This is an automated email from the ASF dual-hosted git repository.
kabhwan pushed a commit to branch master
in repository https://gitbox.apache.org/repos/asf/spark.git
The following commit(s) were added to refs/heads/master by this push:
new c26d0bc726ea [SPARK-55701][SS] Fix race condition in
CompactibleFileStreamLog.allFiles
c26d0bc726ea is described below
commit c26d0bc726eaf04f1270cef36c340df098b486e2
Author: zeruibao <[email protected]>
AuthorDate: Fri Feb 27 14:25:30 2026 +0900
[SPARK-55701][SS] Fix race condition in CompactibleFileStreamLog.allFiles
### What changes were proposed in this pull request?

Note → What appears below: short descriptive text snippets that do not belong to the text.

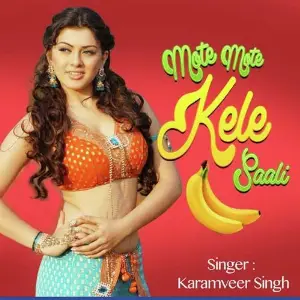 Mote Mote Kele Saali Karamveer Singh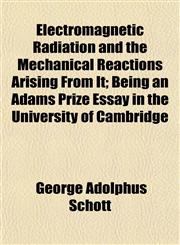 Electromagnetic Radiation and the Mechanical Reactions Arising From It; Being an Adams Prize Essay in the University of Cambridge,1152014560,9781152014565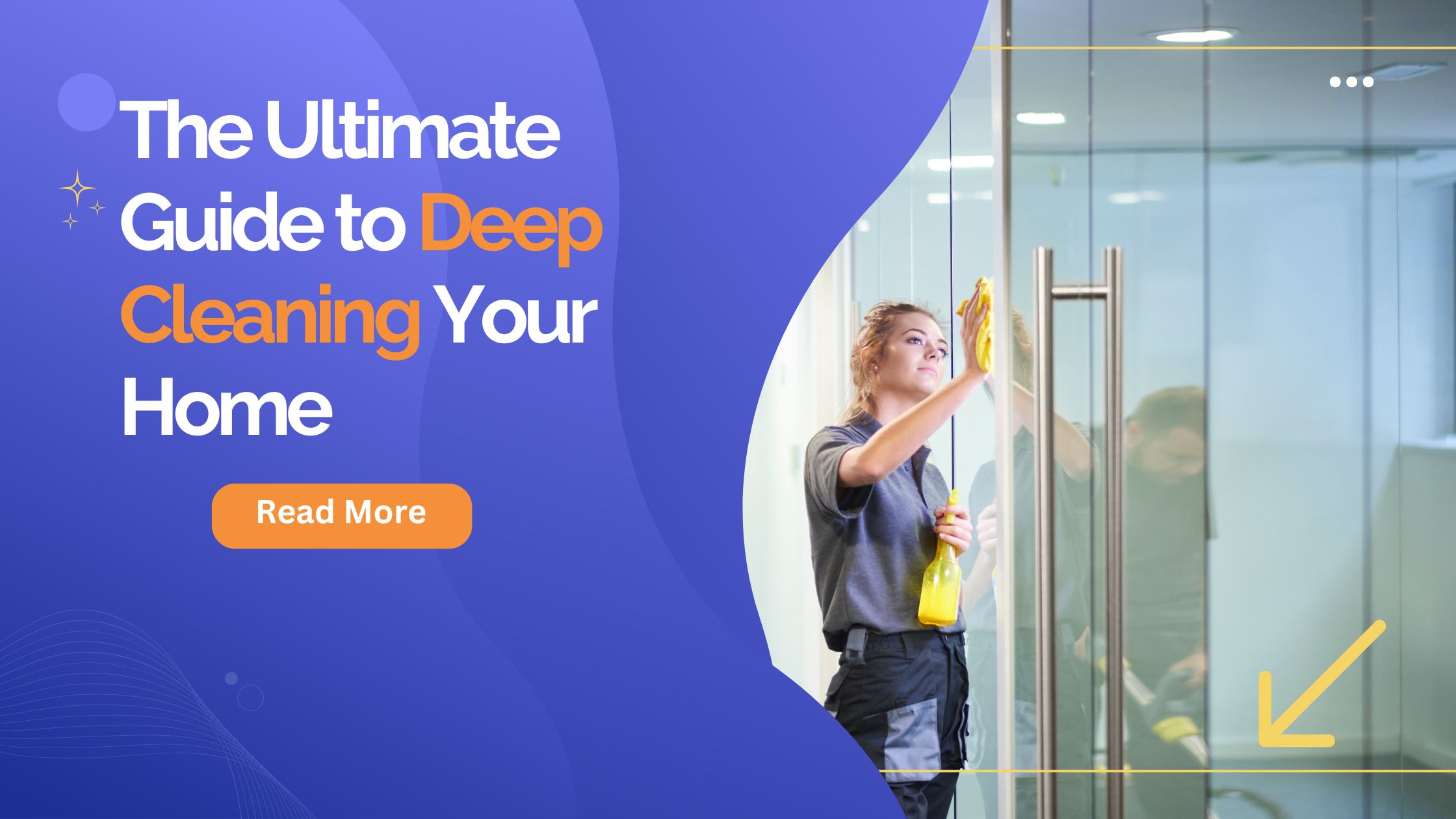 The Ultimate Guide to Deep Cleaning Your Home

Changed the exception type thrown in `CompactibleFileStreamLog.allFiles()`
from `IllegalStateException` to `FileNotFoundException` when a batch metadata
file is missing (line 270). Since `FileNotFoundException` extends
`IOException`, the existing retry loop (line 277) now catches this case and
retries with an updated `latestId`.
### Why are the changes needed?
There is a race condition between a batch reader (e.g., `DESCRIBE TABLE`
via Thrift server) and a streaming writer performing compaction + cleanup
concurrently:
1. The reader calls `getLatestBatchId()` and observes `latestId = N`.
2. The writer completes a new compaction batch and `deleteExpiredLog`
removes old batch files.
3. The reader tries to read the now-deleted batch files based on the stale
`latestId`.
The `allFiles()` method already has a retry loop designed to handle this
exact scenario — it catches `IOException`, refreshes `latestId`, and retries.
However, the missing-file case was throwing `IllegalStateException`, which is
not a subclass of `IOException`, so it escaped the retry loop entirely and
surfaced as a fatal error to the user.
The fix changes the exception to `FileNotFoundException` so the existing
retry logic handles it correctly. The safety check on re-throw (lines 284-286)
ensures that if no newer compaction exists, the exception is still propagated
rather than silently swallowed.
### Does this PR introduce _any_ user-facing change?
No
### How was this patch tested?
UT
### Was this patch authored or co-authored using generative AI tooling?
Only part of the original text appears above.